| SOURCE MATERIAL |
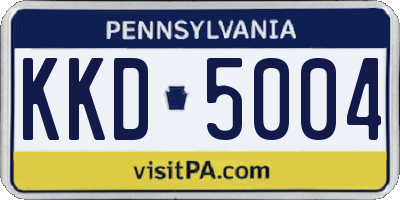 PA license plate KKD5004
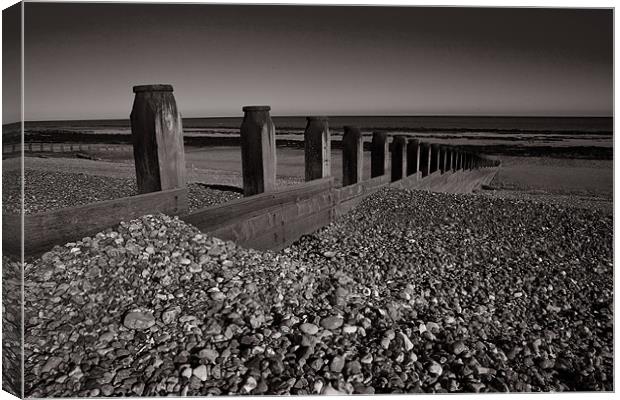 Eastbourne Pillars Canvas Print by Malcolm Smith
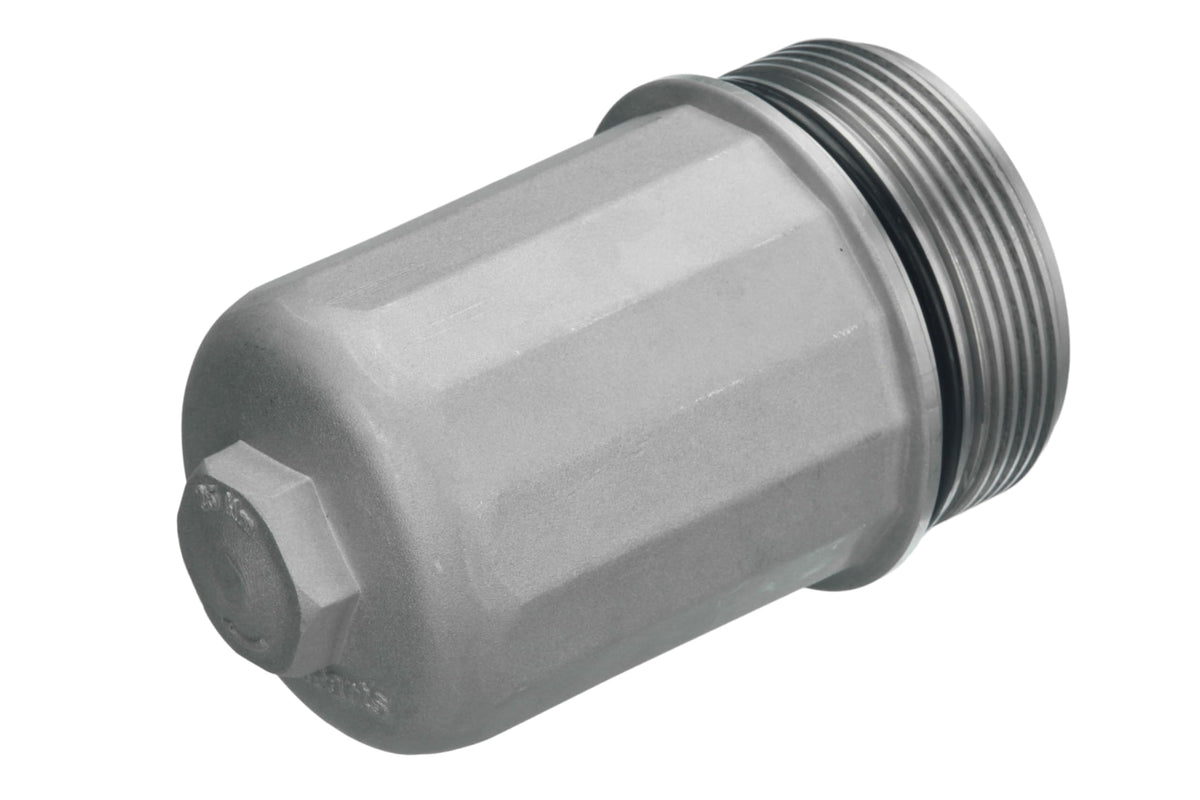 URO Parts 99610702055-PRM Oil Filter Cover, Aluminum vs OEM is plastic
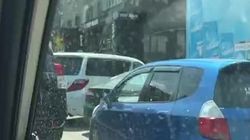 Горожанин жалуется на пробки на Московской-Гоголя во время жума намаза. Видео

| ABOUT THIS EXERCISE |
Where pictures appear, skip them and transcribe all other material word for word.

| ANSWER AREA |
 PA license plate KKD5004
 Eastbourne Pillars Canvas Print by Malcolm Smith
 URO Parts 99610702055-PRM Oil Filter Cover, Aluminum vs OEM is plastic
 Горожанин жалуется на пробки на Московской-Гоголя во время жума намаза. Видео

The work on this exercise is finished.